Upswing’s latest venture is an elegant, powerful portrait of loss, longing and a crisis of identity.
This cross-discipline amalgamation of aerialism, animation and dance was partly inspired by the feelings of dislocation and disorientation experienced by creator Vicki Amedume after arriving in the UK as a young girl. Expanding on this to convey a broader sense of disconnectedness and isolation, Fallen is the story of a woman taken from her family and incarcerated as she awaits ‘processing’, coming to terms with her new life and with her grief. The audience accompanies her on her journey of anguish and acceptance and we are drawn into her fitful fantasies as she dreams of the son she’s left behind.
Rather than follow a traditional storyline, Fallen is a series of vignettes, of visual images that convey an overall impression of a psychological state. The movement of the piece is symbiotic with Jules Maxwell’s atmospheric soundscape; harsh, chaotic, electrical discordances that complement the woman’s distress or confusion give way to lyrical chords and smooth cadences to accompany her more fluid, dreamlike motion. Lead artist Sera Adetoun gives a strong performance, both physically and emotionally. Whether lifting partner Garry Benjamin with as much ease as he does her, or effortlessly scaling aerial silks like a cat, she remains emotionally alive and responsive.
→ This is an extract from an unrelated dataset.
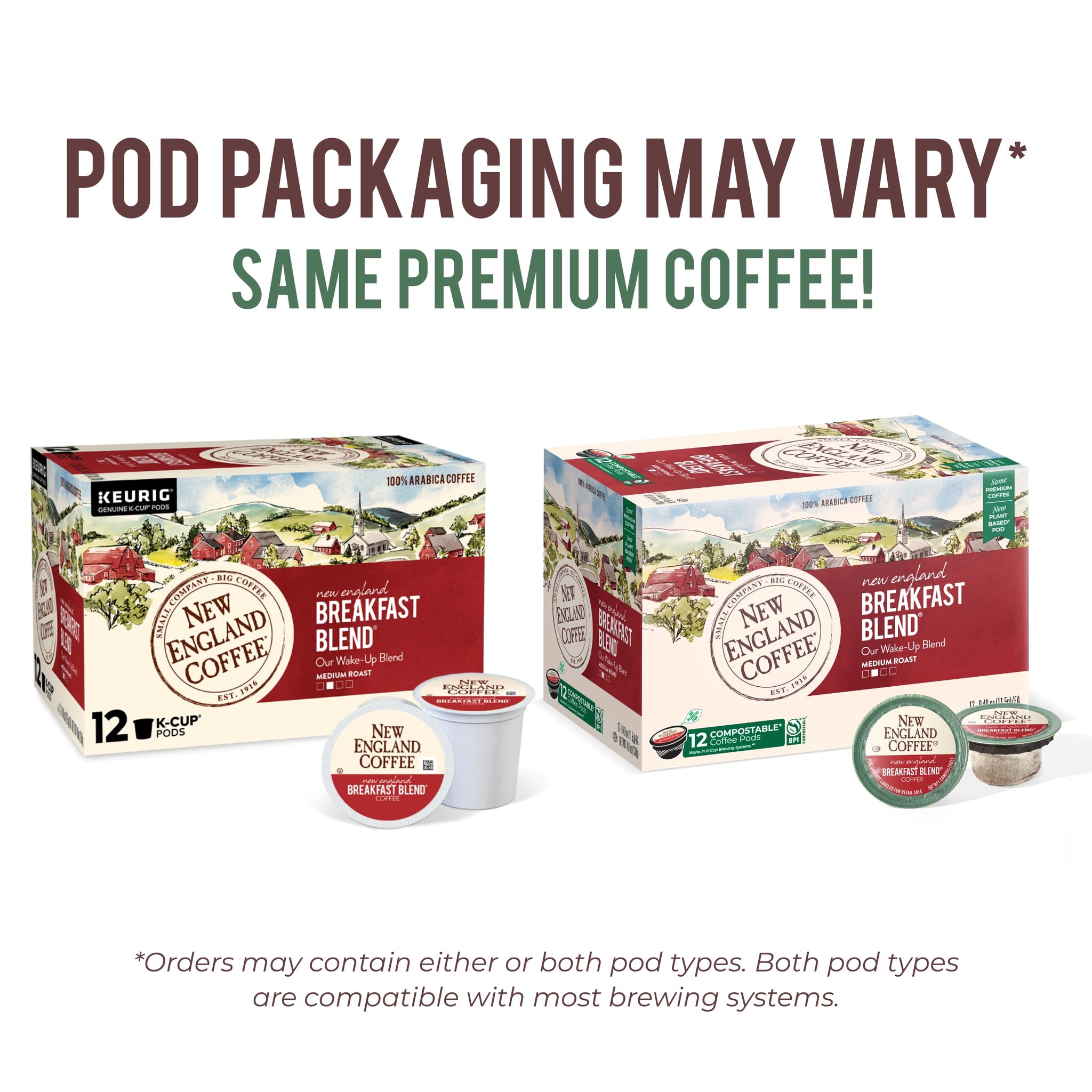 New England Coffee Breakfast Blend Medium Roast Single Serve Pods, 12ct Box (Pack of 1)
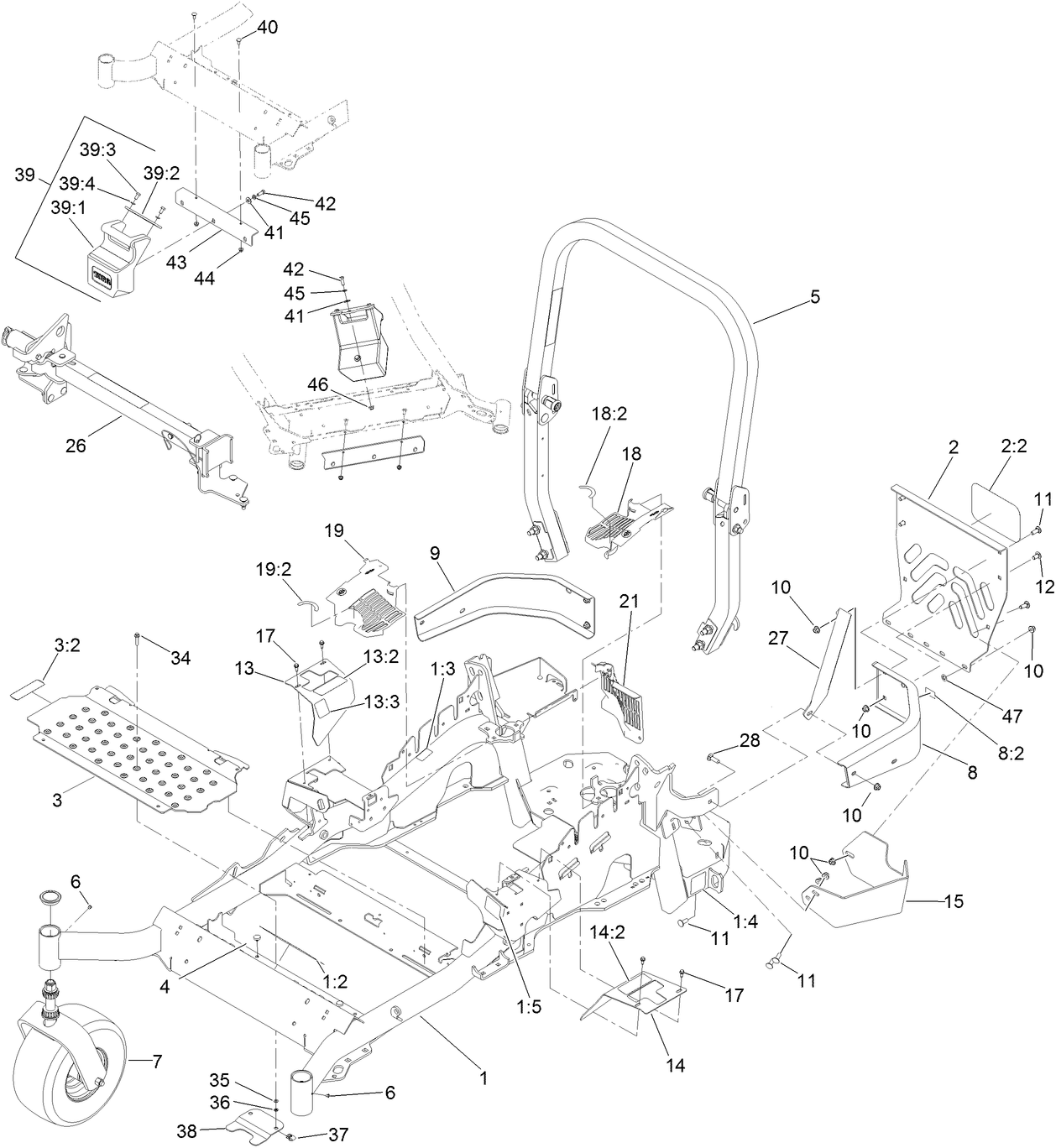 Frame, Caster and Z Stand Assembly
Amedume’s employment of circus techniques proves effective as an expressive aide to storytelling. The harness is used alternately to exaggerate and to restrict movement, creating a sense of fantasy and of dreams. One particularly poetic use sees the son suspended in the air as his mother is grounded, forever beyond reach of her outstretched hands. Likewise, there’s some beautiful imagery involving the silks – though the occasional wobble betrays the lead performers’ lack of formal circus training.
There are some lovely moments in this largely sensory experience. It bursts into life in an explosion of energy: we hear bare feet running across the stage, the unexpected zip of a wire, and suddenly the lights slam on to reveal Adetoun’s character suspended horizontally from the ceiling, limbs stretched in every direction, frozen in animation. Ultimately, however, it never really lives up to the promise of its dramatic opening and the choreography feels rather repetitive before long. Because the scope is limited to the intensive exploration of an emotional space, the story doesn’t develop. As a pure, physical expression of a state, it fulfils its brief, but I would have appreciated a bit more in the way of narrative.